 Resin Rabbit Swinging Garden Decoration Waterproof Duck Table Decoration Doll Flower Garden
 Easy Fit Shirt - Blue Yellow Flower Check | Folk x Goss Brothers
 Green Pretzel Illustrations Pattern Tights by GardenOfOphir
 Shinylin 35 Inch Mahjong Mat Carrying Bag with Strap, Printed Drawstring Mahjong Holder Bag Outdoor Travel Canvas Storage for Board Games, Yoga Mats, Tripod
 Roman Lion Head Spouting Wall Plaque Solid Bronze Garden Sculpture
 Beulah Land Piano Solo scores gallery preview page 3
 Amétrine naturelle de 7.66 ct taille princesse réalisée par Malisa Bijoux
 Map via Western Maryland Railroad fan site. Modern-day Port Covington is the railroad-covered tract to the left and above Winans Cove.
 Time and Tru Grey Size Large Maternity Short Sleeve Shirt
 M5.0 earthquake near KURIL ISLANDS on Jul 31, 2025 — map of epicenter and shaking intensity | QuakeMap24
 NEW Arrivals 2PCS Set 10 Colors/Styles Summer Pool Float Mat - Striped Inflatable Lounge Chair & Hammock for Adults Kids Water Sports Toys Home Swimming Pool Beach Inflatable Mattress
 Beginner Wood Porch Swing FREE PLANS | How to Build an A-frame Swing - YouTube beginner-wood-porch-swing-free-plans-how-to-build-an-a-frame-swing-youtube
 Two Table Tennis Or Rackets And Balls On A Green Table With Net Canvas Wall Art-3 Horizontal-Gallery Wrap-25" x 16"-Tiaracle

Assigned task: Every entry should be retyped exactly as shown.

Solution to this task:
 Resin Rabbit Swinging Garden Decoration Waterproof Duck Table Decoration Doll Flower Garden
 Easy Fit Shirt - Blue Yellow Flower Check | Folk x Goss Brothers
 Green Pretzel Illustrations Pattern Tights by GardenOfOphir
 Shinylin 35 Inch Mahjong Mat Carrying Bag with Strap, Printed Drawstring Mahjong Holder Bag Outdoor Travel Canvas Storage for Board Games, Yoga Mats, Tripod
 Roman Lion Head Spouting Wall Plaque Solid Bronze Garden Sculpture
 Beulah Land Piano Solo scores gallery preview page 3
 Amétrine naturelle de 7.66 ct taille princesse réalisée par Malisa Bijoux
 Map via Western Maryland Railroad fan site. Modern-day Port Covington is the railroad-covered tract to the left and above Winans Cove.
 Time and Tru Grey Size Large Maternity Short Sleeve Shirt
 M5.0 earthquake near KURIL ISLANDS on Jul 31, 2025 — map of epicenter and shaking intensity | QuakeMap24
 NEW Arrivals 2PCS Set 10 Colors/Styles Summer Pool Float Mat - Striped Inflatable Lounge Chair & Hammock for Adults Kids Water Sports Toys Home Swimming Pool Beach Inflatable Mattress
 Beginner Wood Porch Swing FREE PLANS | How to Build an A-frame Swing - YouTube beginner-wood-porch-swing-free-plans-how-to-build-an-a-frame-swing-youtube
 Two Table Tennis Or Rackets And Balls On A Green Table With Net Canvas Wall Art-3 Horizontal-Gallery Wrap-25" x 16"-Tiaracle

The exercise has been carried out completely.